Brief descriptive captions
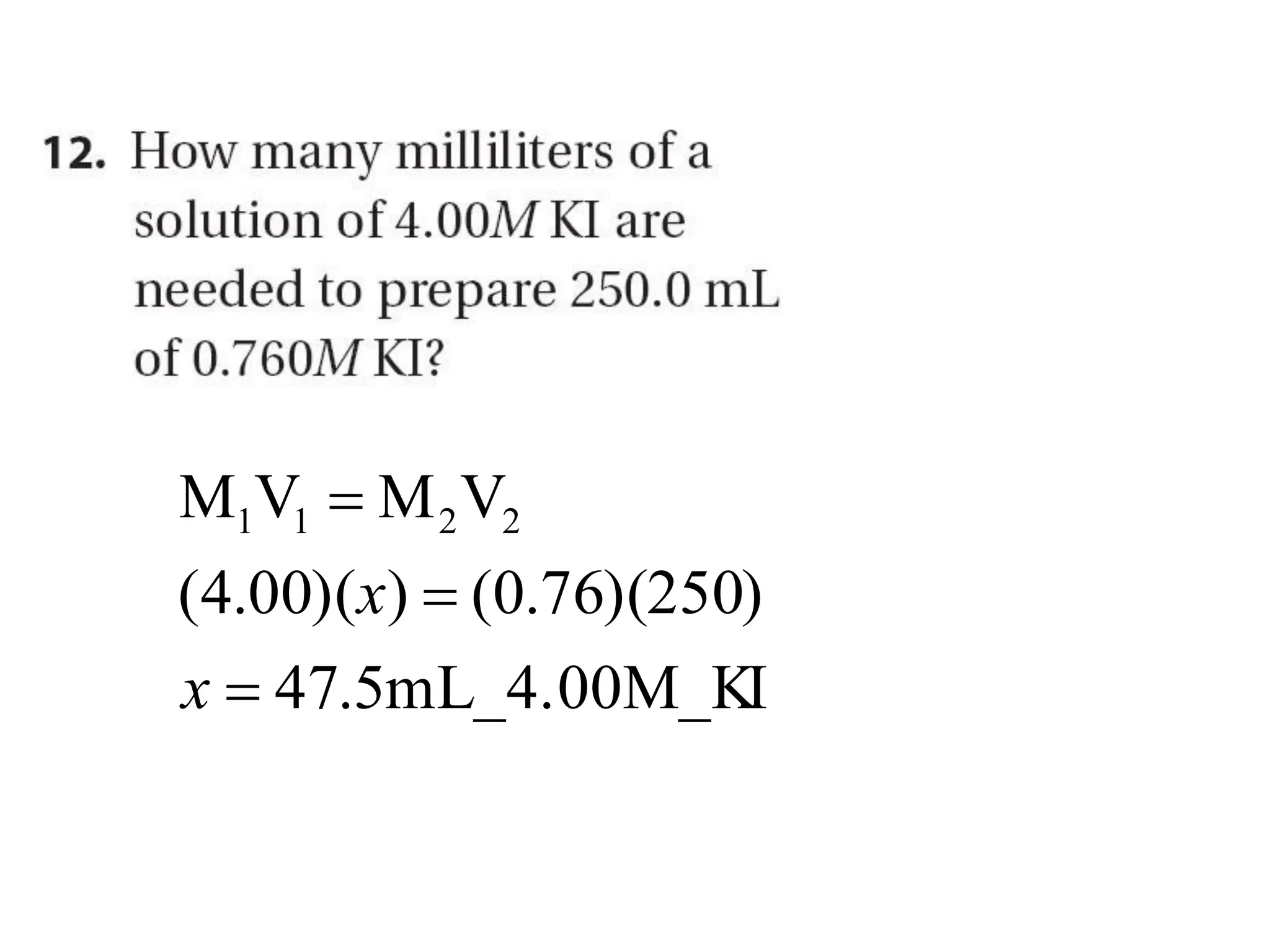 I
mL_4.00M_K
5
.
47
)
250
)(
76
.
0
(
)
)(
00
.
4
(
V
M
V
M 2
2
1
1
x
x
 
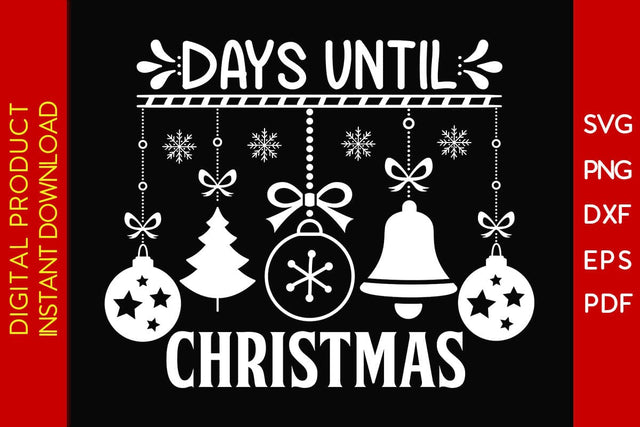 Days Until Christmas Design SVG PNG EPS Cut File SVG Creativedesigntee 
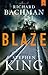 Blaze: A Novel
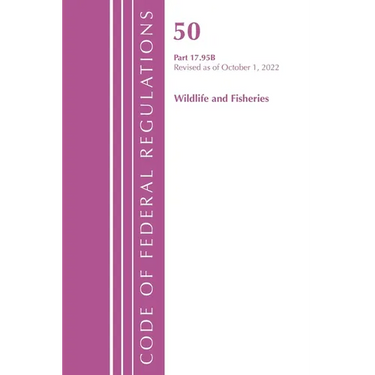 Code of Federal Regulations, Title 50 Wildlife and Fisheries 17.95(b), Revised as of October 1, 2022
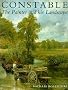Constable: The Painter and His Landscape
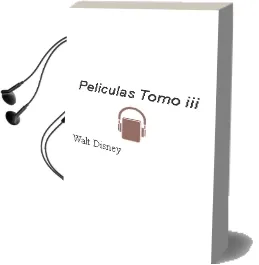 Descargar AudioLibro Peliculas. Tomo iii de Walt Disney año 1990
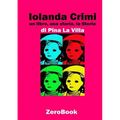 Iolanda Crimi: un libro, una storia, la Storia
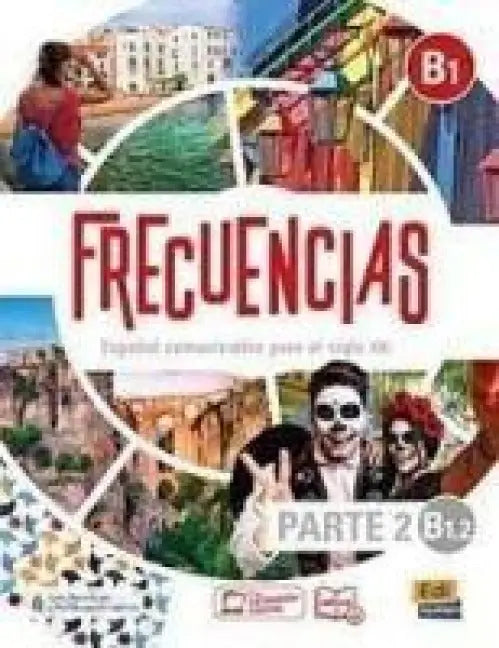 Frecuencias B1 : Part 2 : B1.2 Student Book - Part two of Frecuencias B1 course with coded access to the ELETeca and the eBook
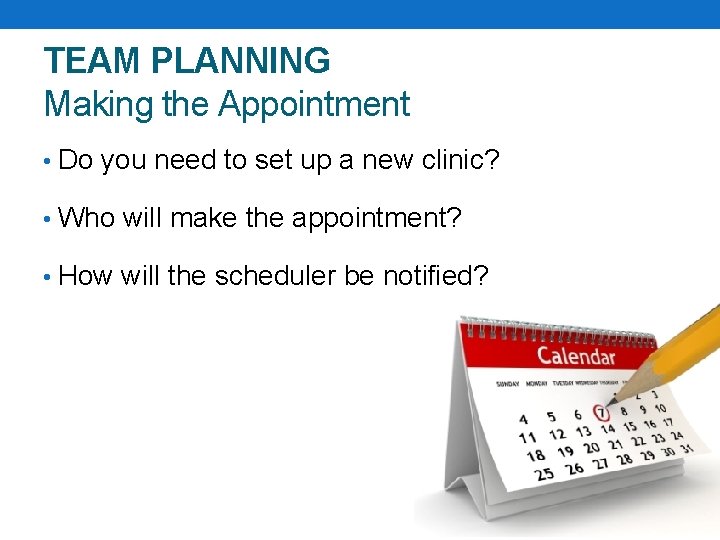 TEAM PLANNING Making the Appointment • Do you need to set up a new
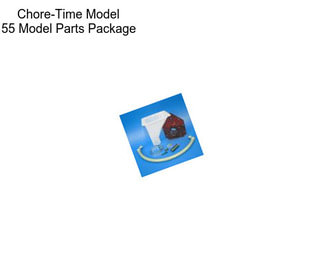 Chore-Time Model 55 Model Parts Package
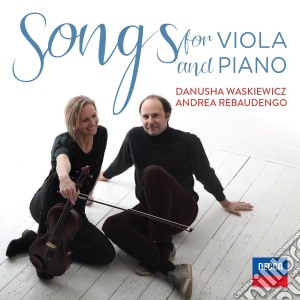 Waskiewicz/Rebaudeng - 21 Songs For Viola And Piano cd musicale di Danusha Waskiewicz / Andrea Rebaudengo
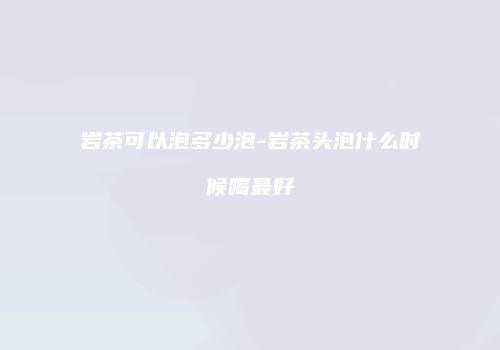 岩茶可以泡多少泡-岩茶头泡什么时候喝最好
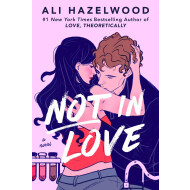 Not in Love - Ali Hazelwood - Roman - Paperback - Engels - Hoofdauteur Ali Hazelwood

Task details
Leave the pictures behind and repeat each entry exactly.

Answer to this task
 I
mL_4.00M_K
5
.
47
)
250
)(
76
.
0
(
)
)(
00
.
4
(
V
M
V
M 2
2
1
1
x
x
 
 Days Until Christmas Design SVG PNG EPS Cut File SVG Creativedesigntee 
 Blaze: A Novel
 Code of Federal Regulations, Title 50 Wildlife and Fisheries 17.95(b), Revised as of October 1, 2022
Constable: The Painter and His Landscape
 Descargar AudioLibro Peliculas. Tomo iii de Walt Disney año 1990
 Iolanda Crimi: un libro, una storia, la Storia
 Frecuencias B1 : Part 2 : B1.2 Student Book - Part two of Frecuencias B1 course with coded access to the ELETeca and the eBook
 TEAM PLANNING Making the Appointment • Do you need to set up a new
 Chore-Time Model 55 Model Parts Package
 Waskiewicz/Rebaudeng - 21 Songs For Viola And Piano cd musicale di Danusha Waskiewicz / Andrea Rebaudengo
 岩茶可以泡多少泡-岩茶头泡什么时候喝最好
 Not in Love - Ali Hazelwood - Roman - Paperback - Engels - Hoofdauteur Ali Hazelwood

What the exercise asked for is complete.